To overcome this, we'll leverage Suave, which can be a full replacement for ASP.NET, and Suave.AspNetCore to tie the two together. Let's start with a generated project thanks to yo aspnet and the Web API Application (F#) template it provides, stripping out some of the template's defaults to have a blank slate. We'll still have some of that object-oriented C# feel, but it will be restricted to the console application:

open System.IO
open Microsoft.Extensions.Configuration
open Microsoft.AspNetCore.Hosting
open ProjectName

[<EntryPoint>]
let main argv =
  let config = ConfigurationBuilder()
                  .AddCommandLine(argv)
                  .AddEnvironmentVariables("ASPNETCORE_")
                  .Build()

  let host = WebHostBuilder()
                  .UseConfiguration(config)
                  .UseKestrel()
                  .UseContentRoot(Directory.GetCurrentDirectory())
                  .UseIISIntegration()
                  .UseStartup<Http.Startup>()
                  .Build()
  host.Run()
  0 // exit code

and a minimal Startup class:

namespace ProjectName

open Microsoft.AspNetCore.Builder
open Microsoft.AspNetCore.Hosting
open Microsoft.Extensions.DependencyInjection
open Microsoft.Extensions.Logging
open Suave.AspNetCore

module Http =
  type Startup() =
    member this.ConfigureServices (services : IServiceCollection) = ()

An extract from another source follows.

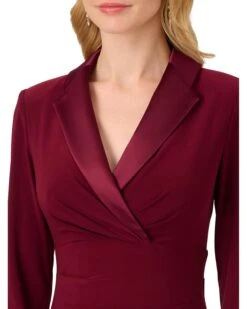 Adrianna Papell Stretch Jersey Tuxedo Cocktail Dress with Shawl Collar | Dresses -Elegant Dress Line 71wN6SHwL. AC SR736920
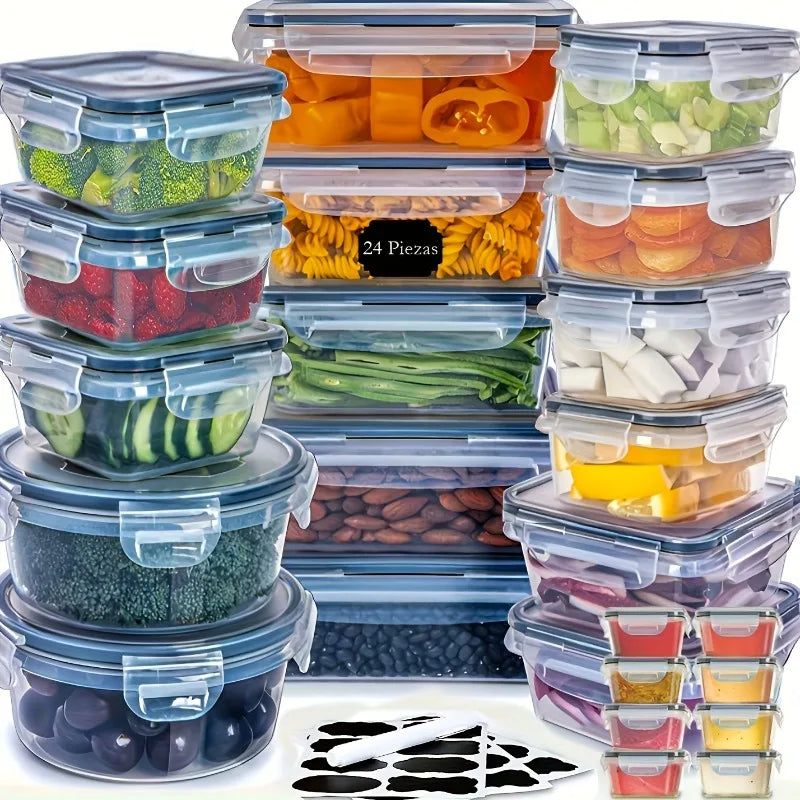 48PCS BPA-Free Food Storage Set – 24 Airtight Containers with Lids & Labels for Kitchen, Pantry & Travel - Nexvibe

    member this.Configure (app : IApplicationBuilder, env : IHostingEnvironment, loggerFactory : ILoggerFactory) =
      app.UseSuave(App.app) |> ignore

Suave.AspNetCore exposes a UseSuave extension method on ASP.NET's ApplicationBuilder that acts as the connection point between ASP.NET and Suave. Overall, Suave.AspNetCore accomplishes this connection through two main pieces:

  1. A SuaveMiddleware that implements ASP.NET Middleware's method signatures
  2. A bi-directional mapping between ASP.NET's HttpContext and Suave's HttpContext

We can use Suave's API to control request/response pipeline from here, sticking to full F# and Suave's HttpContext (opposed to the ASP.NET HttpContext).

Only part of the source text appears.